L’autore cerca la risposta nei monasteri benedettini che oggi, incuranti delle accuse di anacronismo, sopravvivono eroicamente in tutto il continente: nei secoli si è creata una rete di “caserme della fede” che hanno contribuito, con le loro Regole (la più famosa, ma non l’unica, è quella di Benedetto da Norcia) e con la loro attività di evangelizzazione, ad unire un continente da sempre terra di arrivo delle “ondate violente, spietate e pagane” di popoli orientali. Tramite il racconto di questo pellegrinaggio europeo, Rumiz da speranza a coloro che credono ancora in questo progetto.

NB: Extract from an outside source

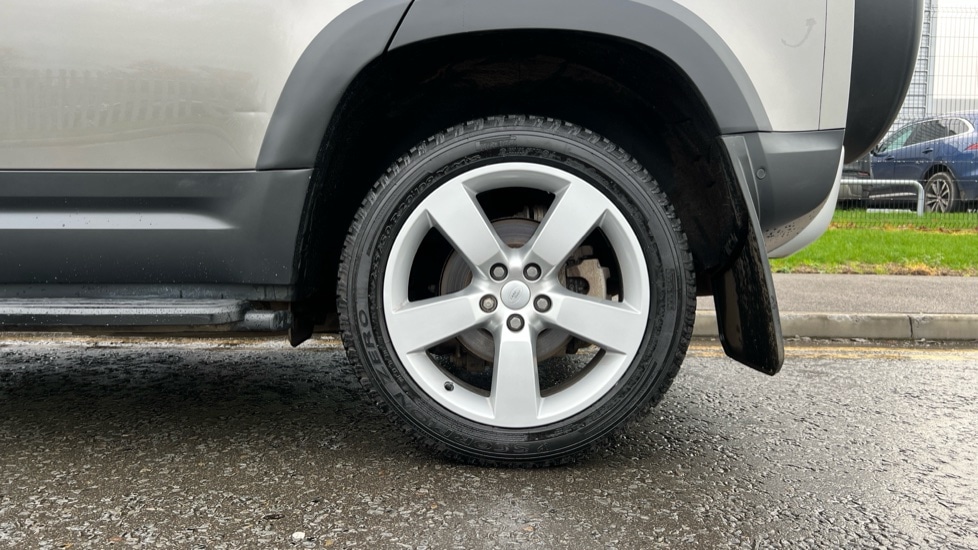 Used Land Rover Defender 2023 for sale - 76873981: Photo 32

Tutto inizia nel 2017, quando l’autore triestino si trova di fronte alle macerie del terremoto che ha squarciato il centro Italia. Castelluccio, Accumuli, Norcia: le terre di Benedetto gli appaiono devastate come la Bosnia o l’Afghanistan, da lui raccontati negli anni da inviato al fronte. Le istituzioni hanno abbandonato quelle terre perché “la montagna non portava e non porterà mai voti”, scordandosi che è lì che si trova la culla della cultura italiana ed europea . Se questa è la situazione in Italia, alzando lo sguardo sull’Europa lo scenario appare ancora più drammatico: movimenti estremisti, xenofobi e antisemiti ottengono consenso; “la cultura è in caduta libera e l’economia ha perso di vista la felicità dell’uomo. Parole come ‘pace’ e ‘solidarietà’ sono derise”. Inaspettatamente però, Rumiz vede una luce di speranza: come una rivelazione divina, tra le macerie della cattedrale di Norcia svetta una statua di san Benedetto patrono d’Europa, che imperterrito continua a indicare il cielo con un dito. “ Cosa diceva quel santo benedicente, in mezzo ai detriti di un mondo? Diceva che l’Europa andava alla malora?”. È il segnale, deve partire alla volta delle ultime isole del clero regolare in un continente che sembra aver perso la rotta, lì troverà le risposte.

San Giorgio Maggiore, Marienberg, Cîteaux, Pannonhalma: dal Belgio all’Ungheria, passando per il Veneto e la Germania, Rumiz condivide oasi spirituali con uomini e donne che hanno fatto voto di castità, povertà e obbedienza, seguendo l’ora et labora come mantra di vita. Il pellegrino Rumiz descrive dettagliatamente, rievocando nella memoria del lettore le architetture del Nome della rosa di Eco, le abbazie che visita; a colpirlo maggiormente però sono le storie di abati, benedettine e cistercensi europei che abitano quei luoghi. Il bavarese Noctker, un monaco rockettaro dell’abbazia di Sankt Ottilien, che suonò con i Deep Purple e insegna ai manager come governare un’azienda nello stile di Benedetto; oppure padre Urban Stillhard, un organista ed esperto di birra trappista che racconta come quella bevanda, assieme al vino, si sia diffusa in Europa seguendo la geografia dei monasteri e sia diventata uno strumento di evangelizzazione. O ancora l’abate di Saint- Wandrille in Francia, che spiega i meccanismi democratici e collegiali che caratterizzano l’ordine fin dal 1115. Sono loro che possono indicare la strada all’Europa, sono loro che possono far riscoprire le sue radici attraverso la Regola.

L’essenza più vera dei luoghi, allora, risiede in coloro che vi abitano. Che ricordo si avrebbe di un viaggio eliminando le persone che si incontrano? Un ricordo piatto, grigio. Cosa sarebbe un monastero, una città, un continente senza i suoi abitanti? Un corpo senz’anima. È nelle risorse umane che bisogna ricercare le proprie radici: ognuno di noi è il risultato di una “rete di fili” che valica confini temporali, spaziali e culturali; che anche se si spezza è possibile risaldare. Sta a noi evitare le rotture e mantenerla salda nel tempo.